What’s gone missing from this debate, but should now be resurrected, is a discussion about Tory’s take on the Scarborough subway. With Karen Stintz out, Tory is the only cogent candidate backing the three-stop extension, so voters definitely shouldn’t forget to ask how he’ll manage that project if elected.

Throughout the campaign, Tory’s take on the Scarborough subway is that council has made its choice, so it’s time to move on. But the practical reality is that the next mayor and council will face many more decision points about this project (e.g., the required environmental assessment), including some potentially costly ones (e.g., the final budget for the re-construction of Kennedy Station, and the long-term financial impact of Tory’s Smart Track project on ridership/revenue on the Scarborough extension). All told, Tory’s position bears further scrutiny.

On Tuesday, I asked the campaign to answer the following questions: Does Tory think the $910 million tax increase approved by council for the Scarborough subway, and which has now begun to appear on property tax bills, will be sufficient to cover the entire cost of the project? And if not, how will he propose to raise the funds needed to cover any shortfall?

Campaign spokesperson Amanda Galbraith provided this reply: “We are confident in the City’s cost estimates.” She declined to respond to the second part. “We’re not going to get into hypotheticals.”

The problem is, those hypotheticals aren’t so hypothetical.

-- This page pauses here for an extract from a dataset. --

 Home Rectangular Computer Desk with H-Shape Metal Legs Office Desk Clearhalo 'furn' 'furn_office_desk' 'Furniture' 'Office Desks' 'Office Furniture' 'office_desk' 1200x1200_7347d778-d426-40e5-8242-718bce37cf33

As Spacing reported earlier this year, an internal Metrolinx memo drafted in May, 2013, and obtained through a freedom of information request, estimated that the actual cost could be as high as $3.3 billion, even though only $3.05 billion has been allocated (municipal property tax hike, plus contributions from the province and the feds). And that figure excludes other outlays relating to “sunk costs” incurred by Metrolinx on the aborted Scarborough LRT project, as well as the cancelation of 48 Bombardier light-rail vehicles (LRVs).

Indeed, one of the first orders of business for the new mayor will be responding to a report detailing those two issues. In an interview with Spacing, Jack Collins, Metrolinx’s executive vice-president for rapid transit implementation, outlined the process now underway between the City and Metrolinx.

Earlier in the summer, the City retained an outside audit firm to review Metrolinx’s claim that it had spent $85 million on the Scarborough LRT and the Sheppard maintenance and storage facility. Metrolinx, Collins says, believes the final figure, which the City has agreed to reimburse, “is still in [the $85 million] range.”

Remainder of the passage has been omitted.